## WHAT YOU SHOULD DO
Beginning with the line below that contains "Interior Living Space" and ending with the line that contains "Nỗi lo bị phạt", copy every line exactly. Copy nothing else.

RECORDS SUPPLIED START

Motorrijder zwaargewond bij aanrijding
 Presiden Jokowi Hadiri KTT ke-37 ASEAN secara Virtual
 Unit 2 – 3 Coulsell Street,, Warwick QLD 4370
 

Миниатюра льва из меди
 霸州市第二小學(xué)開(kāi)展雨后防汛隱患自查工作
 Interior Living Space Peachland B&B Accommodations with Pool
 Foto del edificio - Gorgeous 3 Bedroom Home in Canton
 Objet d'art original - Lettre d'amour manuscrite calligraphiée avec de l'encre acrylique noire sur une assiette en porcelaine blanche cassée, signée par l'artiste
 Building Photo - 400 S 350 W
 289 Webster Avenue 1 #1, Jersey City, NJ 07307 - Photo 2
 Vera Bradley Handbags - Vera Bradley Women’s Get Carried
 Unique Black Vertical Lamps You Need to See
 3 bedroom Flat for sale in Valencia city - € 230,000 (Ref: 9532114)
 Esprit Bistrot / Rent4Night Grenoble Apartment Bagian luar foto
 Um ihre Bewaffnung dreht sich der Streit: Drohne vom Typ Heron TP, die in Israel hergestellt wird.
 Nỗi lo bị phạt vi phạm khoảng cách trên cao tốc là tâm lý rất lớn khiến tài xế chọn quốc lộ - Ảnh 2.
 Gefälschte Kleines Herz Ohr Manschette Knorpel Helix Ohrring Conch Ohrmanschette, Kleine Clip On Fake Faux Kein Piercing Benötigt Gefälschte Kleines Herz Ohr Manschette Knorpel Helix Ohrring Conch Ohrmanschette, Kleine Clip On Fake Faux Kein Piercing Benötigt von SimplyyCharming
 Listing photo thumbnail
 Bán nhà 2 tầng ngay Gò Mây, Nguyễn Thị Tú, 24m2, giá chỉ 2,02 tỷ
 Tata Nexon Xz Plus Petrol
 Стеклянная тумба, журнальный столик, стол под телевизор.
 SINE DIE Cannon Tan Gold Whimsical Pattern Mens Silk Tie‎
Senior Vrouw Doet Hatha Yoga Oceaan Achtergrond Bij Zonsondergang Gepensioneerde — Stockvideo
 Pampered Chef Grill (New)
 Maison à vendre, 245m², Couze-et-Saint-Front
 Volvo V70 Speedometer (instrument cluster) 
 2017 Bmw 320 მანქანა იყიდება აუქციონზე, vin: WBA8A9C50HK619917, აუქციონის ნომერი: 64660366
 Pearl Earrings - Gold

RECORDS SUPPLIED END

## RESULT
 Interior Living Space Peachland B&B Accommodations with Pool
 Foto del edificio - Gorgeous 3 Bedroom Home in Canton
 Objet d'art original - Lettre d'amour manuscrite calligraphiée avec de l'encre acrylique noire sur une assiette en porcelaine blanche cassée, signée par l'artiste
 Building Photo - 400 S 350 W
 289 Webster Avenue 1 #1, Jersey City, NJ 07307 - Photo 2
 Vera Bradley Handbags - Vera Bradley Women’s Get Carried
 Unique Black Vertical Lamps You Need to See
 3 bedroom Flat for sale in Valencia city - € 230,000 (Ref: 9532114)
 Esprit Bistrot / Rent4Night Grenoble Apartment Bagian luar foto
 Um ihre Bewaffnung dreht sich der Streit: Drohne vom Typ Heron TP, die in Israel hergestellt wird.
 Nỗi lo bị phạt vi phạm khoảng cách trên cao tốc là tâm lý rất lớn khiến tài xế chọn quốc lộ - Ảnh 2.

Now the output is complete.